Filter by the string "around": return the lines of the material that contain it.
Start of Materials provided
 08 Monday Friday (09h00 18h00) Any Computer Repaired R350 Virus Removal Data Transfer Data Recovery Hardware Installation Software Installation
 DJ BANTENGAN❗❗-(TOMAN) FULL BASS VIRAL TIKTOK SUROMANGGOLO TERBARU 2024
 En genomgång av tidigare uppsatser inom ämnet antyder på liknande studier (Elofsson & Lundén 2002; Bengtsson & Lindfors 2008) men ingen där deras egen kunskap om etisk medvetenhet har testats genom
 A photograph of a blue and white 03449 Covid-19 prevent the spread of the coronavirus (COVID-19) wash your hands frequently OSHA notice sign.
End of Materials provided
Start of Materials provided
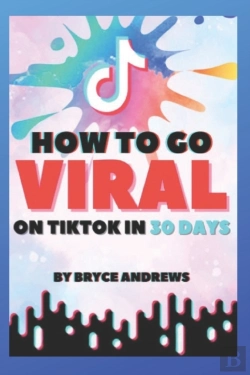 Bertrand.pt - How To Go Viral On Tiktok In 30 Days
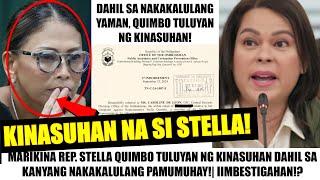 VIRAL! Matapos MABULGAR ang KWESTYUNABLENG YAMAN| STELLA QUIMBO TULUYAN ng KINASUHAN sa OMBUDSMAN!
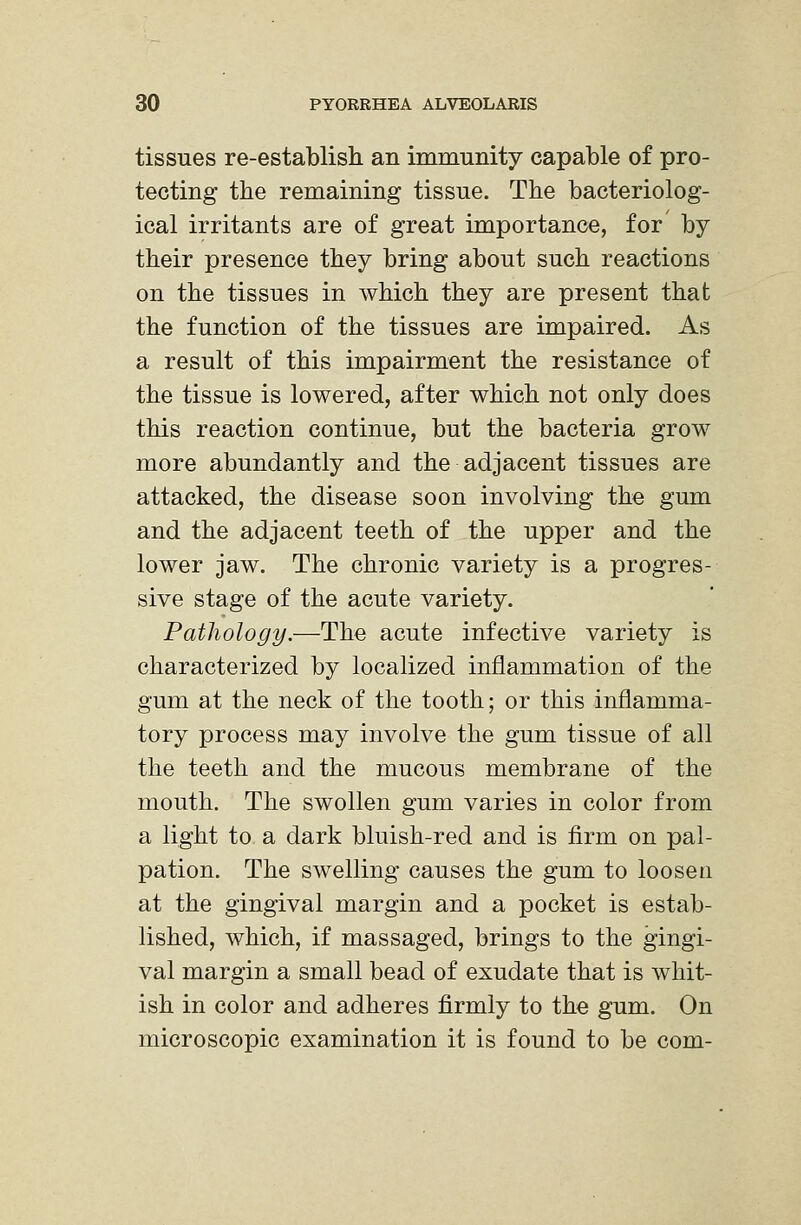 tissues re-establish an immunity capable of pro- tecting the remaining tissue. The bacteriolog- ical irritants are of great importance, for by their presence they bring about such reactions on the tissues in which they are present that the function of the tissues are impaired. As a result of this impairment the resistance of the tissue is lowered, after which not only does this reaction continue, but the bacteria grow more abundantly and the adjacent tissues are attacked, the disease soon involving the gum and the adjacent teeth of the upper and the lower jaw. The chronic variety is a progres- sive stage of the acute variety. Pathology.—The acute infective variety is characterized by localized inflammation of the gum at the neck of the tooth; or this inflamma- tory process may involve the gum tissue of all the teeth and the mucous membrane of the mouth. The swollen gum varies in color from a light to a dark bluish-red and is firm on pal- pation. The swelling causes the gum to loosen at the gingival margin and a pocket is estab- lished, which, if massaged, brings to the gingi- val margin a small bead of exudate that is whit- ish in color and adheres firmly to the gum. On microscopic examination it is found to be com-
End of Materials provided
Start of Materials provided
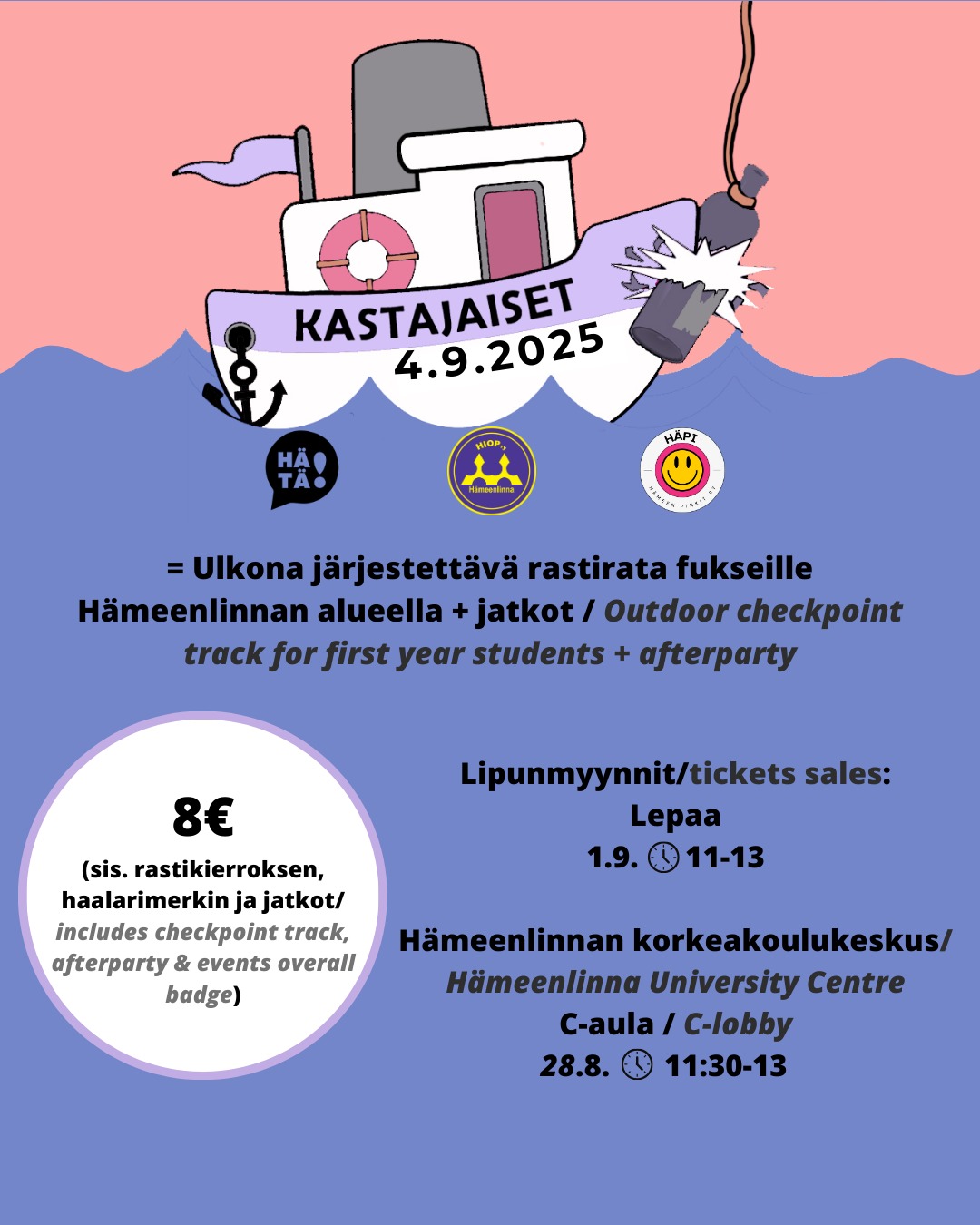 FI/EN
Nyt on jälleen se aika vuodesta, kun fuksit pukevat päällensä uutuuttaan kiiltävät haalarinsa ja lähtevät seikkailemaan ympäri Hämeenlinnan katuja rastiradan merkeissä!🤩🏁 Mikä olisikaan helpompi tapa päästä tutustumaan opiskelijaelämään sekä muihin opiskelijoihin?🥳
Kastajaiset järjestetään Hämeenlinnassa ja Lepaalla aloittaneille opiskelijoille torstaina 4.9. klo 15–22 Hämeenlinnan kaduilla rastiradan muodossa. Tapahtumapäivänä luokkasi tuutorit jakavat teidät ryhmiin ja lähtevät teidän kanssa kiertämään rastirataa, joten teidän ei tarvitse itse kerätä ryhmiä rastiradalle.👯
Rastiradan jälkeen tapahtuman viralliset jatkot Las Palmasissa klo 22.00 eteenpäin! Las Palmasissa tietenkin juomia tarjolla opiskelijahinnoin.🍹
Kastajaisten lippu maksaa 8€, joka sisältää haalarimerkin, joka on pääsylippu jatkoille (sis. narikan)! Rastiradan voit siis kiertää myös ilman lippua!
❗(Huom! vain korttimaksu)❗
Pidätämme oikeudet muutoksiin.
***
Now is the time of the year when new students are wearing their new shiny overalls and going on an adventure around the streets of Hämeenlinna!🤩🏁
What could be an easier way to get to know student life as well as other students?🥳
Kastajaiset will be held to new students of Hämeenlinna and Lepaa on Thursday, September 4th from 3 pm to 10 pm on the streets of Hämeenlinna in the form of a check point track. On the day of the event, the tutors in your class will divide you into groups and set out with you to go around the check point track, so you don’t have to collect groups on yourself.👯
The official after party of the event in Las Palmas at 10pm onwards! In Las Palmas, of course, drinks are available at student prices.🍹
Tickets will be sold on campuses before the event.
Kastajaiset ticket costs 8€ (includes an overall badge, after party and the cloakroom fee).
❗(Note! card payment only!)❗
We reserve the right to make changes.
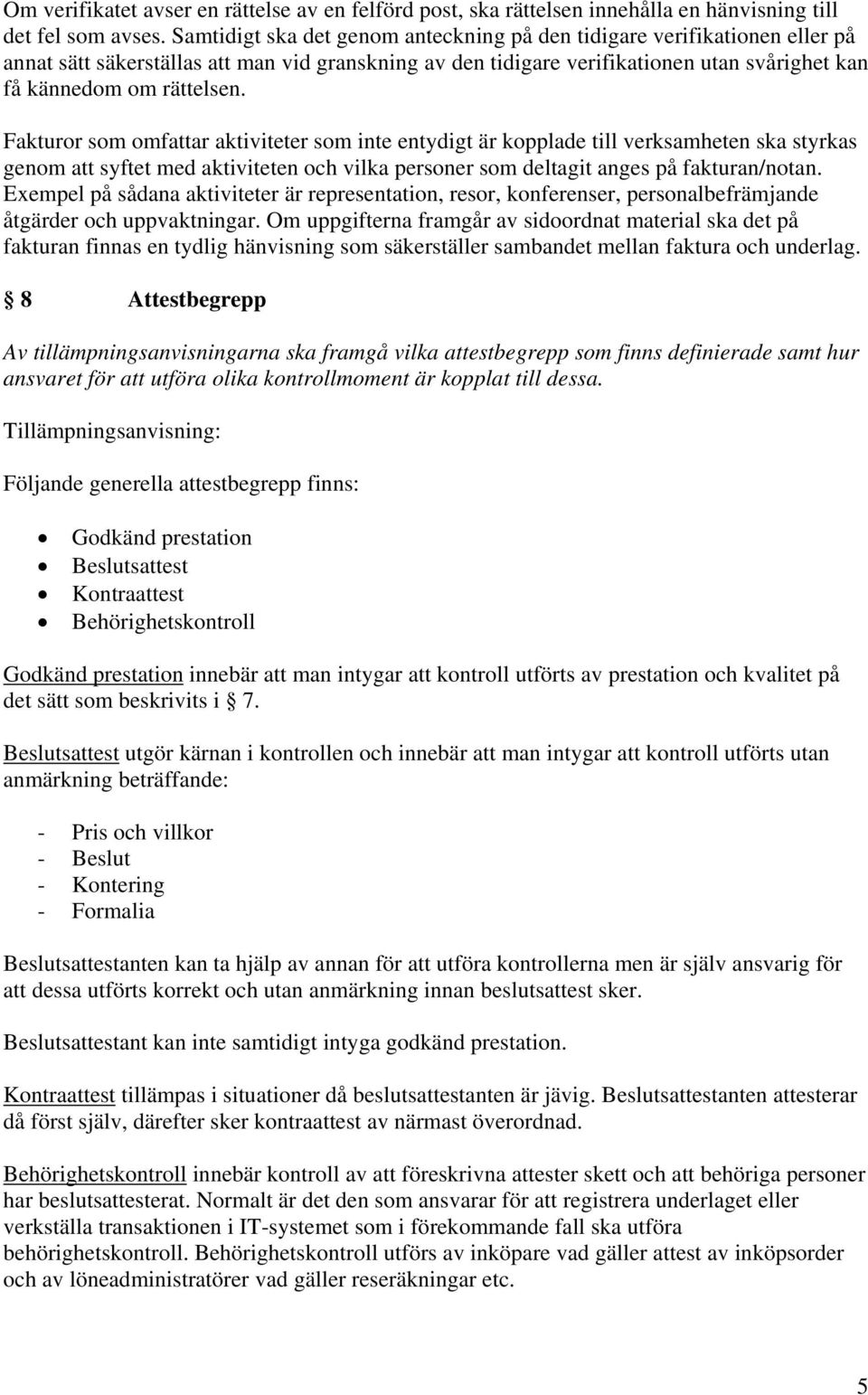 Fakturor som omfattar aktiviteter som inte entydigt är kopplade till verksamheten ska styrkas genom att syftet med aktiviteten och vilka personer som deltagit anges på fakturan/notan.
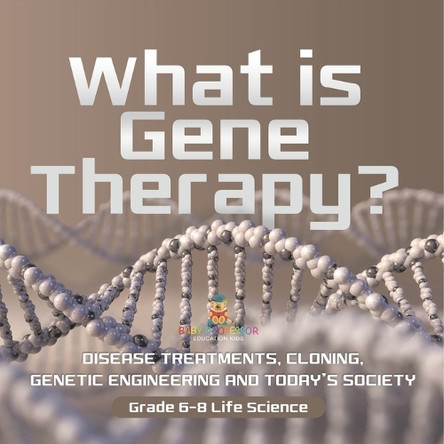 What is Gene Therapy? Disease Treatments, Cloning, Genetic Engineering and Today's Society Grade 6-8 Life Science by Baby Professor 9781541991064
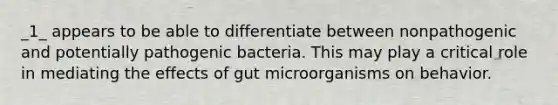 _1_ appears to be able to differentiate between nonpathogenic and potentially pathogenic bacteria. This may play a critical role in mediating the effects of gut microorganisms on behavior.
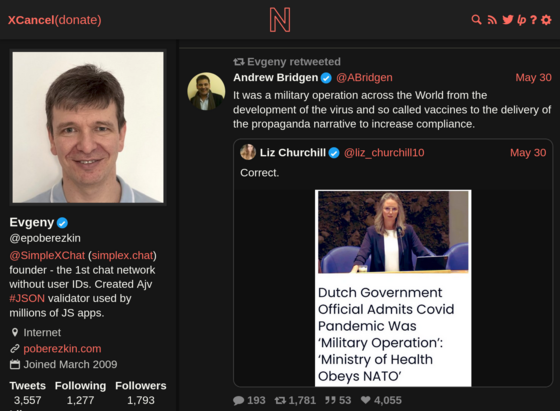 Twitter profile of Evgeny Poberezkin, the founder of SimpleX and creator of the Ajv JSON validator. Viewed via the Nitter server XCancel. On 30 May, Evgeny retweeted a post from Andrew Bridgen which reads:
End of Materials provided
Response =
Now is the time of the year when new students are wearing their new shiny overalls and going on an adventure around the streets of Hämeenlinna!🤩🏁
Kastajaiset will be held to new students of Hämeenlinna and Lepaa on Thursday, September 4th from 3 pm to 10 pm on the streets of Hämeenlinna in the form of a check point track. On the day of the event, the tutors in your class will divide you into groups and set out with you to go around the check point track, so you don’t have to collect groups on yourself.👯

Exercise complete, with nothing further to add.